Jack had pointed out in his tutorial that “the for loop is a bear to translate” and I would agree. There are a lot of moving parts: (a) the control variable – where do we keep it? in the stack? in a register? (b) the start value (c) the end value – do we recalculate it at the end of each iteration or only once in the beginning? (d) the step. So, let’s set the scene and define first what we want to do and then decide how we do it.

This will be my specification of the for loop:

    <for> ::= for ( <identifier> = <expression1> [ down ] to <expression2> [ step <expression3> ] ) <block>

It will work like this:

  1. Set the control variable to expression1
  2. Check if it has exceeded the limit (expression2) and if yes exit the loop
  3. Execute the block
  4. Update the control variable
  5. Loop back to point 2.

In addition I will support an optional down keyword, to count down as opposed to up. If it’s there, then the control variable will be decreased by 1 at the end of each iteration (while, if it isn’t there, it will obviously be increased by 1).

Finally there is an optional step keyword followed by an expression. If this is present, then the value of expression3 will be added to the control variable at the end of each iteration (as opposed to the control variable increased or decreased by 1).
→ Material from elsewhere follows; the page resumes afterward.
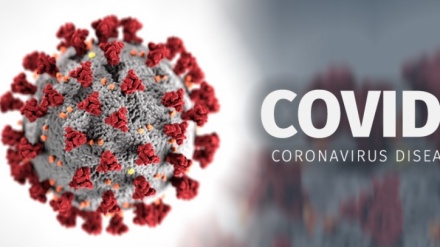 Ermənistanda koronavirusdan ölənlərin sayı 491 nəfərə çatıb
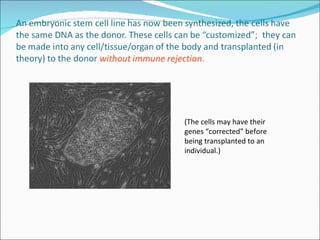 (The cells may have their genes “corrected” before being transplanted to an individual.)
It is important to remember that it will be the responsibility of the programmer to set the step expression (but also the initial and the to expressions) to the right values so that the control variable will eventually reach the limit and the loop will be correctly terminated. Please note, if down is used, then the result of the step expression must be a negative number.

Furthermore, in my implementation, expression2 and expression3 (if it exists) are evaluated only once when the loop is entered and not in every iteration.

The Control Variable

The control variable must be a new variable not previously defined in that function or main program. It exists only within the for block and cannot be assigned a value in an assignment statement – it is assigned a new value automatically at the end of each iteration. However, it’s value can be used on the right-hand side of an assignment within the for block.

The next question is “where do we store it?”. Jack had decided to use the global variables space in his implementation of the for loop. That would not work with TINSEL, e.g. in the scenario where we have a for loop in the main block that calls a function that has a for loop and uses the same name for the control variable. This is valid scenario and TINSEL should support it.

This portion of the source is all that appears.